O empreendimento passou de mão em mão entre multinacionais por décadas. Saiu do papel no início dos anos 2000, por obra da Bunge, associada com uma estatal norueguesa.
Ambas cederam a operação para a Vale em 2015.
Especulações do mercado indicam que a Vale pode repassar o negócio para a americana Mosaic, terceira maior do ramo de fertilizantes.
O projeto sempre enfrentou oposição de ambientalistas da ong Montanha Viva.
O empreendimento foi freado pela Justiça em 2009, ainda na fase Bunge, por decisão da Vara Federal Ambiental de Florianópolis, atendendo uma ação popular movida pela ong.
No processo, a Polícia Federal constatou fraudes no relatório de impacto ambiental, desde desvios no rio Pinheiros até derrubada de mata nativa, o que é proibido por lei.
Numa manobra malandra, antes mesmo da decisão judicial da primeira instância, a IFC conseguiu derrubar araucárias nativas para limpar o terreno, usando a técnica do anelamento.
Isto é, descascar parte da árvore, próximo do pé, para cortar o suprimento de seiva e fazê-la cair de forma discreta, sem precisar usar as escandalosas motosserras.
Técnicos da Unisul e da UFSC produziram um relatório independente e crítico sobre o projeto, apontando riscos aos mananciais da região.
Por seis anos a Montanha Viva manteve a luta na Vara Ambiental, num processo que já tinha 15 mil páginas, quando a IFC mudou a estratégia: recorreu à Justiça desistindo de enfrentar as acusações.
A ong insistiu no processo, tentando obter uma decisão judicial que proibisse definitivamente a instalação da IFC – com a autoridade de quem botou pra correr do litoral catarinense o empresário Eike Batista, com aquela sua ideia de um porto gigante em Floripa.
Em 2015, o processo subiu então para o TRF4, mundialmente conhecido pela celeridade de seus julgamentos.

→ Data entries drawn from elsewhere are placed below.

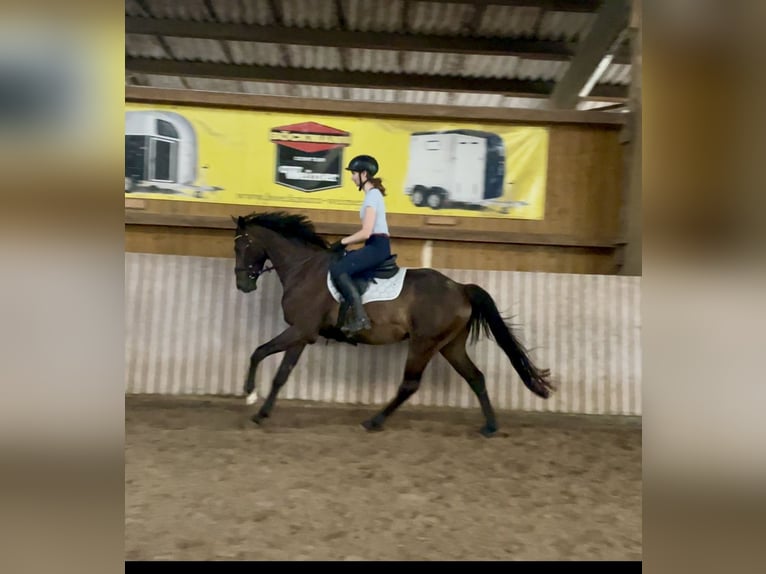 Westphalian Gelding 5 years 16 hh Bay-Dark in Schenklengsfeld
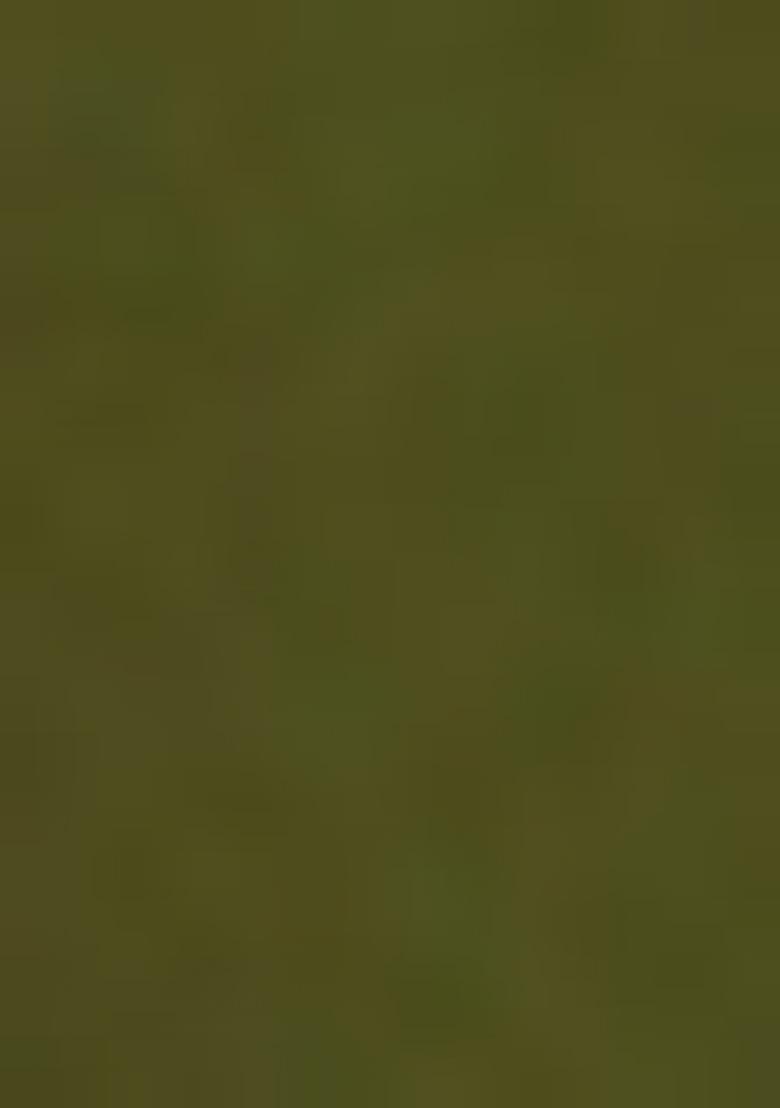 Green Sequin Embellished Blouse Georgette Lehenga Set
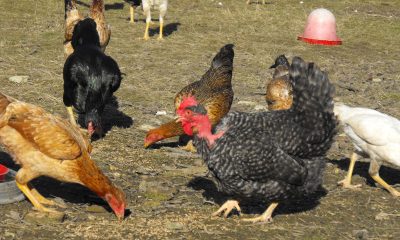 DSCF8002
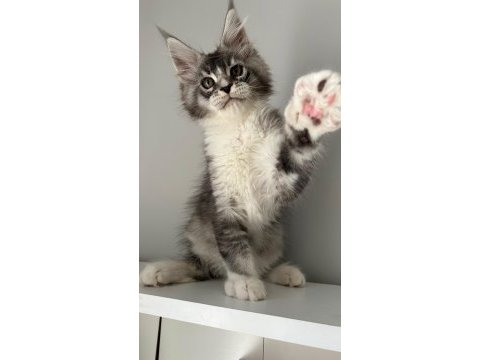 Minik dev maine coon prens hiroşi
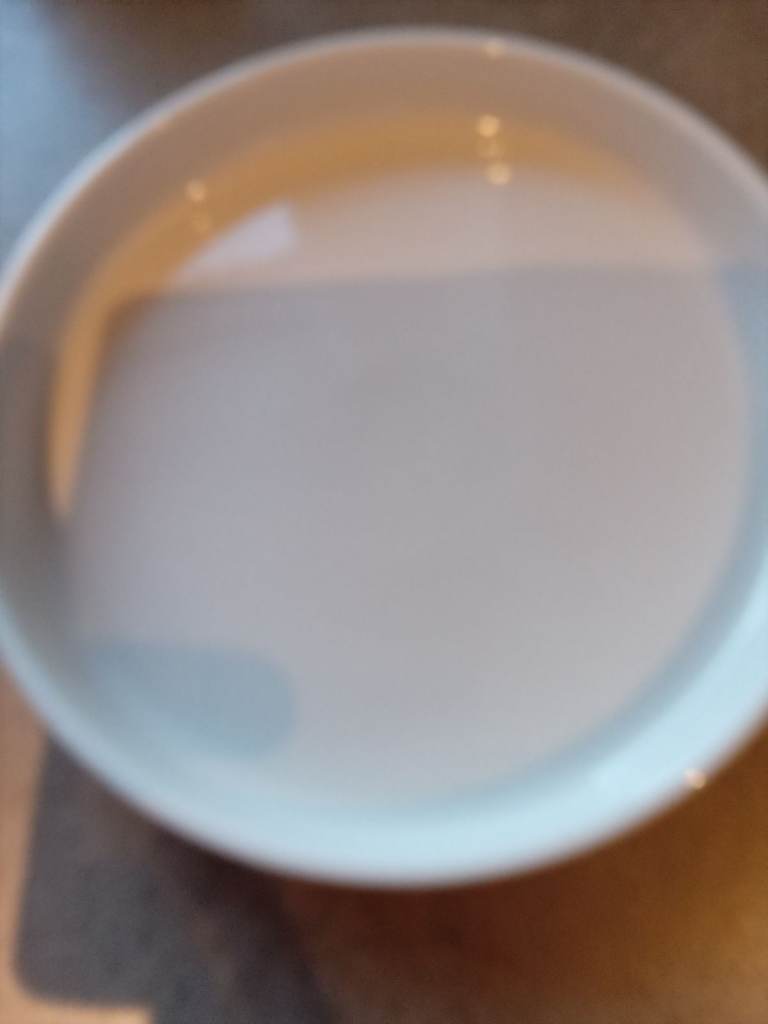 White flan dish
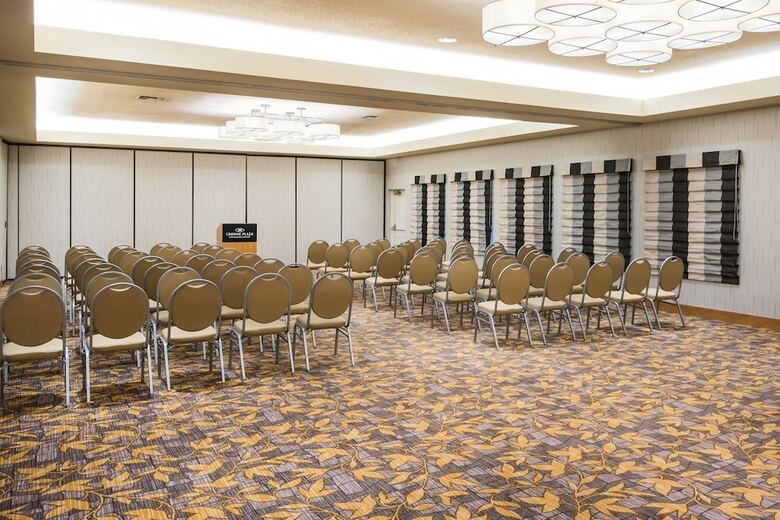 Hotel Crowne Plaza International Airport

Ficou lá quatro anos, até a decisão de quinta-feira
No processo, o MPF buscava “… anulação do licenciamento realizado pela FATMA (fundação ambiental de SC) … para que no futuro não logre a empresa ré (Bunge/noruegueses/ Vale ou sucessores) obter maliciosamente outras licenças mediante os mesmos insuficientes estudos em um novo processo de licenciamento”.

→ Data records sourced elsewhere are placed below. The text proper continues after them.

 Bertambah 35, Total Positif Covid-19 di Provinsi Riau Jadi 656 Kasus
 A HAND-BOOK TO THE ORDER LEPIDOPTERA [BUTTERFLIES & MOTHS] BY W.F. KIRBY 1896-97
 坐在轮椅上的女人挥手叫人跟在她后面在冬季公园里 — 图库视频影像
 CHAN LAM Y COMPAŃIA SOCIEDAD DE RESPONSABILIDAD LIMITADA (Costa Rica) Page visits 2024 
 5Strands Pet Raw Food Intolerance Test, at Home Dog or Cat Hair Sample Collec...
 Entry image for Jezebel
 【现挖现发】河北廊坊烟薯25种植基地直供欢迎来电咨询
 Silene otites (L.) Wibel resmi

Segundo o MPF “a IFC não desistiu do direito de lavra junto ao DNPM, demonstrando que a pretensão de instalar a fosfateira persiste, sendo que tal direito de lavra já teria sido (na ocasião do parecer) negociado com Vale, responsável pelas tragédias em Minas Gerais”.

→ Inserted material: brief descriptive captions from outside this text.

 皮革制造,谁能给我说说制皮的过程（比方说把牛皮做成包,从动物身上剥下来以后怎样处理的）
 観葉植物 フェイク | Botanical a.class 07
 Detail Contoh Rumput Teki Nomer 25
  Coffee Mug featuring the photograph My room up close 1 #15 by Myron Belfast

Note-se: a IFC desistiu da ação judicial, mas não do projeto.
O objetivo da manobra: desistindo do processo, tentou derrubar todas as acusações de crimes ambientais e a investigação da Polícia Federal sobre os relatórios frios de impacto ambiental.
A decisão do TRF4 permite a retomada do empreendimento da estaca zero.
Hoje a IFC é composta apenas de alguns barracões nos grotões de Anitápolis, base de seus estudos de viabilidade.
A Montanha Viva anunciou domingo em Floripa que vai recorrer ao STJ para barrar definitivamente a construção da IFC, pela Vale ou por quem venha a comprar os direitos das jazidas de fosfato.